Please note: This seminar will be given online.
Shalmali Joshi, Postdoctoral Fellow
Center for Research on Computation and Society, Harvard University
Machine Learning advances have revolutionized many domains such as machine translation, complex game playing, and scientific discovery. On the other hand, ML has only enjoyed modest successes in human-centered applications. To improve the utility, reliability, and robustness of Machine Learning (ML) models in human-centered domains, we need to address several foundational challenges.
In this talk, I will demonstrate how an algorithmic-safety perspective can motivate specific technical challenges for learning in human-centered domains such as healthcare. Specifically, I will discuss the need to improve the utility of ML-robustness, explainability with an emphasis on decision-making, and post-hoc algorithmic safety to prevent harm. I will discuss my contributions on i) novel methods to improve causal robustness of ML methods designed for practical generative settings, ii) aiding safe decision-making in non-IID settings using time-series explainability intended to address clinicians’ requirements, and iii) novel learning algorithms to optimize for post-deployment safety in sequential decision-making settings. I will conclude with an overview of my future research vision on novel safety-based objectives for explainability in ML, expanding ML-based solutions to general and practical generative settings, and outlining novel ways of validating ML models targeting safety-based objectives.

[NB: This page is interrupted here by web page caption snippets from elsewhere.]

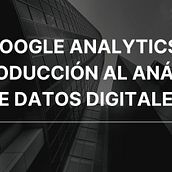 Mi proyecto del curso: Google Analytics: introducción al análisis de datos digitales. Projekt z dziedziny Marketing, Marketing c, frow, Growth Marketing i SEM użytkownika Housni El Halloufi Filali - 17.11.2023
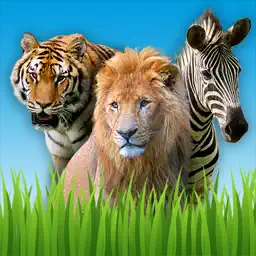 Zoo Sounds - Fun Educational Games for Kids app icon
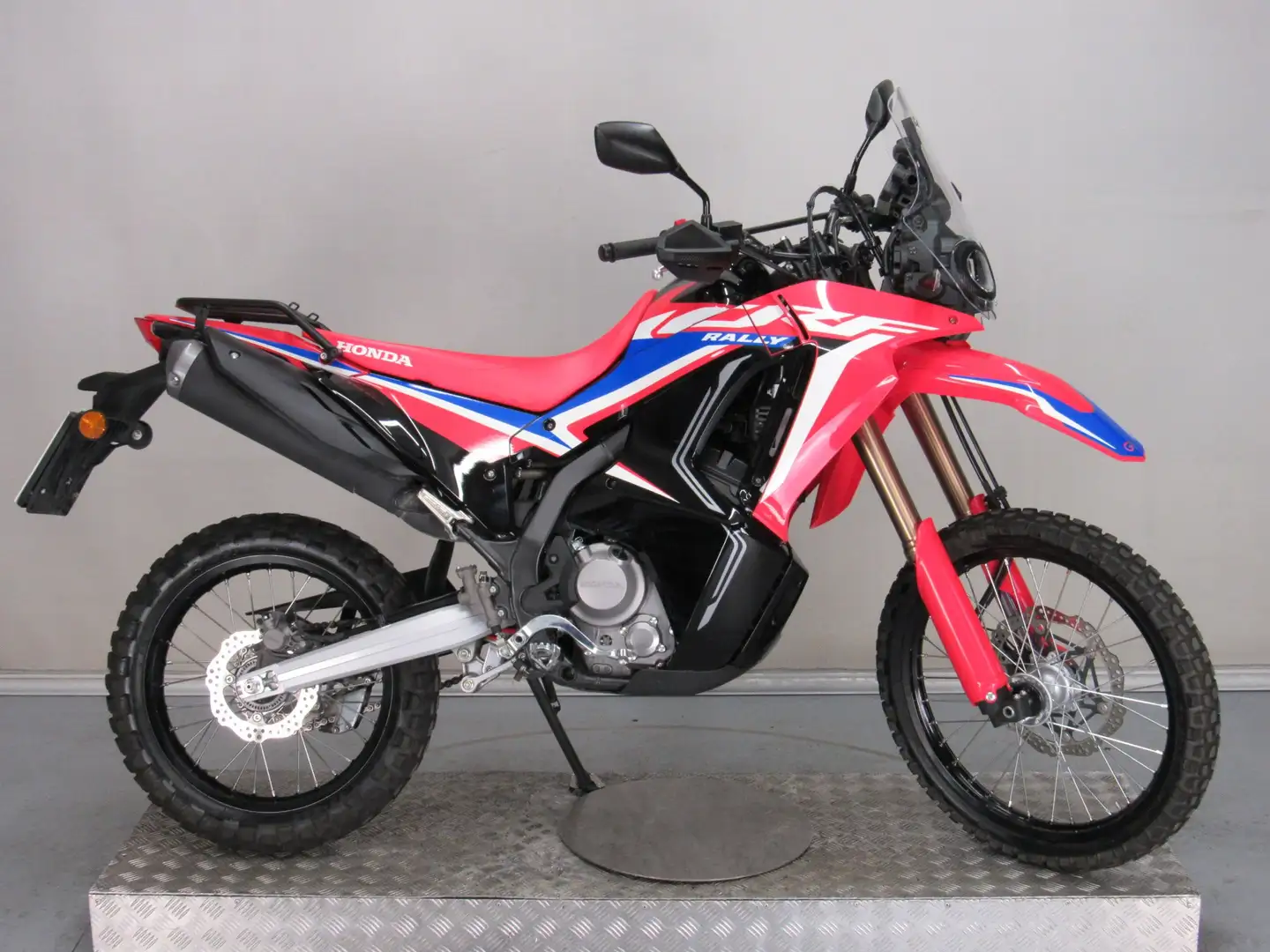 Honda CRF 300 Rally - 1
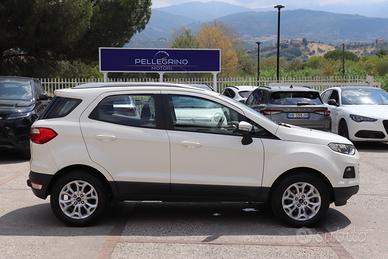 Ford EcoSport 1.5 TDCi 95 CV Titanium S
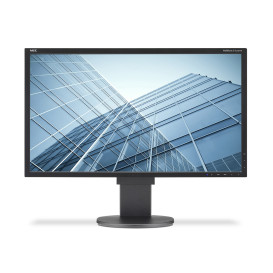 Monitor NEC MultiSync EA224WMi 60003337 - 21,5"/1920x1080 (Full HD)/75Hz/IPS/14 ms/pivot/Biały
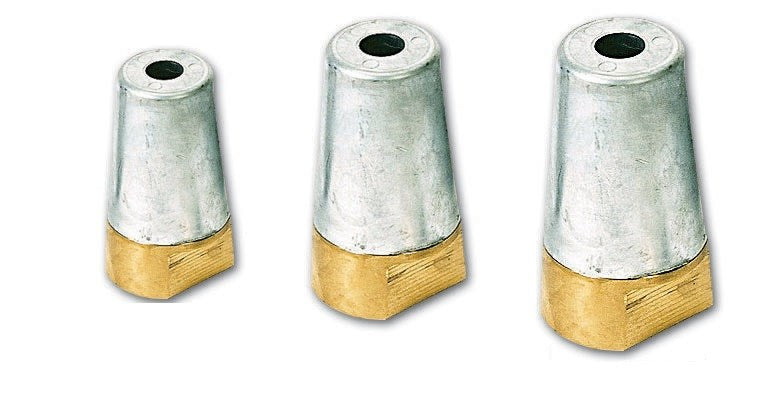 TOR Marine dopmoer met zinkanode 50-36 (OES-50-36P3.0)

Bio: Shalmali Joshi is a Postdoctoral Fellow at the Center for Research on Computation and Society at Harvard University. Previously, she was a Postdoctoral Fellow at the Vector Institute. She received her Ph.D. from the University of Texas at Austin (UT Austin).
Her research is on the algorithmic safety of Machine Learning for human-centered domains. Shalmali has contributed to the field of explainability, robustness, and novel algorithms for ML safety with an emphasis on practical generative settings and impact on decision-making. Shalmali has published in ML and inter-disciplinary venues in healthcare such as NeurIPS, FAccT, CHIL, MLHC, PMLR, and perspectives in JAMIA, LDH, and Nature Medicine. She has co-founded the Fair ML for Health NeurIPS workshop and has served as the communications chair for ACM CHIL 2020, besides reviewing and meta-reviewing for several ML academic venues.